▶ _TASK_:
Down to the last character, write out the records below.

(Extracted records)

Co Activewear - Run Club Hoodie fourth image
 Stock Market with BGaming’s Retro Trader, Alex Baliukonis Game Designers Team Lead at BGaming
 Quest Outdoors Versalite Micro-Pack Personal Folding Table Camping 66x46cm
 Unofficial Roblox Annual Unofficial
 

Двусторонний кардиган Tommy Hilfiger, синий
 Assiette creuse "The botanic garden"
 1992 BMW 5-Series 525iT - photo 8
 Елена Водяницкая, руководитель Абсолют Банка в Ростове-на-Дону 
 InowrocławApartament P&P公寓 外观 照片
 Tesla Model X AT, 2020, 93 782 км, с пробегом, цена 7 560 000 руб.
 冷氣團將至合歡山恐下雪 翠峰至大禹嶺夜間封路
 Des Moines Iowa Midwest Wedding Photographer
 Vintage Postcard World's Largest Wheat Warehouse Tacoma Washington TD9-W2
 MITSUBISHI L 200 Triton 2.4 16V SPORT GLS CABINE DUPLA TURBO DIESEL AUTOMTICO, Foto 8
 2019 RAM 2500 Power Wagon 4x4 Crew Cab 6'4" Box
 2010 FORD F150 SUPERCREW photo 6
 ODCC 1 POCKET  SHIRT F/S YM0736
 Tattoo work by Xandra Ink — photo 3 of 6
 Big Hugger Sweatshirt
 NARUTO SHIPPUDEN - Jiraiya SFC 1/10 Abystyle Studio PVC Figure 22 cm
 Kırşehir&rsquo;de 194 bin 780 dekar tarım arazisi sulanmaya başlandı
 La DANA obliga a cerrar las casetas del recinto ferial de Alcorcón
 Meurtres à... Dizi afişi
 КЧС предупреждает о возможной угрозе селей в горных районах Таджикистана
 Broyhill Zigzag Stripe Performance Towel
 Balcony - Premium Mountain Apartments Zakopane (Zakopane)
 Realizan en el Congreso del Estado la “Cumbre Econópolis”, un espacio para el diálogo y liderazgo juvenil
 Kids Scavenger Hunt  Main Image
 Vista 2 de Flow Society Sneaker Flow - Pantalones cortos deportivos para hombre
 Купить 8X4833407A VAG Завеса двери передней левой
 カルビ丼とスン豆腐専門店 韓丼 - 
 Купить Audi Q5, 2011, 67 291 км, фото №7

▶ _RESULT BELOW_:
Co Activewear - Run Club Hoodie fourth image
 Stock Market with BGaming’s Retro Trader, Alex Baliukonis Game Designers Team Lead at BGaming
 Quest Outdoors Versalite Micro-Pack Personal Folding Table Camping 66x46cm
 Unofficial Roblox Annual Unofficial
 

Двусторонний кардиган Tommy Hilfiger, синий
 Assiette creuse "The botanic garden"
 1992 BMW 5-Series 525iT - photo 8
 Елена Водяницкая, руководитель Абсолют Банка в Ростове-на-Дону 
 InowrocławApartament P&P公寓 外观 照片
 Tesla Model X AT, 2020, 93 782 км, с пробегом, цена 7 560 000 руб.
 冷氣團將至合歡山恐下雪 翠峰至大禹嶺夜間封路
 Des Moines Iowa Midwest Wedding Photographer
 Vintage Postcard World's Largest Wheat Warehouse Tacoma Washington TD9-W2
 MITSUBISHI L 200 Triton 2.4 16V SPORT GLS CABINE DUPLA TURBO DIESEL AUTOMTICO, Foto 8
 2019 RAM 2500 Power Wagon 4x4 Crew Cab 6'4" Box
 2010 FORD F150 SUPERCREW photo 6
 ODCC 1 POCKET  SHIRT F/S YM0736
 Tattoo work by Xandra Ink — photo 3 of 6
 Big Hugger Sweatshirt
 NARUTO SHIPPUDEN - Jiraiya SFC 1/10 Abystyle Studio PVC Figure 22 cm
 Kırşehir&rsquo;de 194 bin 780 dekar tarım arazisi sulanmaya başlandı
 La DANA obliga a cerrar las casetas del recinto ferial de Alcorcón
 Meurtres à... Dizi afişi
 КЧС предупреждает о возможной угрозе селей в горных районах Таджикистана
 Broyhill Zigzag Stripe Performance Towel
 Balcony - Premium Mountain Apartments Zakopane (Zakopane)
 Realizan en el Congreso del Estado la “Cumbre Econópolis”, un espacio para el diálogo y liderazgo juvenil
 Kids Scavenger Hunt  Main Image
 Vista 2 de Flow Society Sneaker Flow - Pantalones cortos deportivos para hombre
 Купить 8X4833407A VAG Завеса двери передней левой
 カルビ丼とスン豆腐専門店 韓丼 - 
 Купить Audi Q5, 2011, 67 291 км, фото №7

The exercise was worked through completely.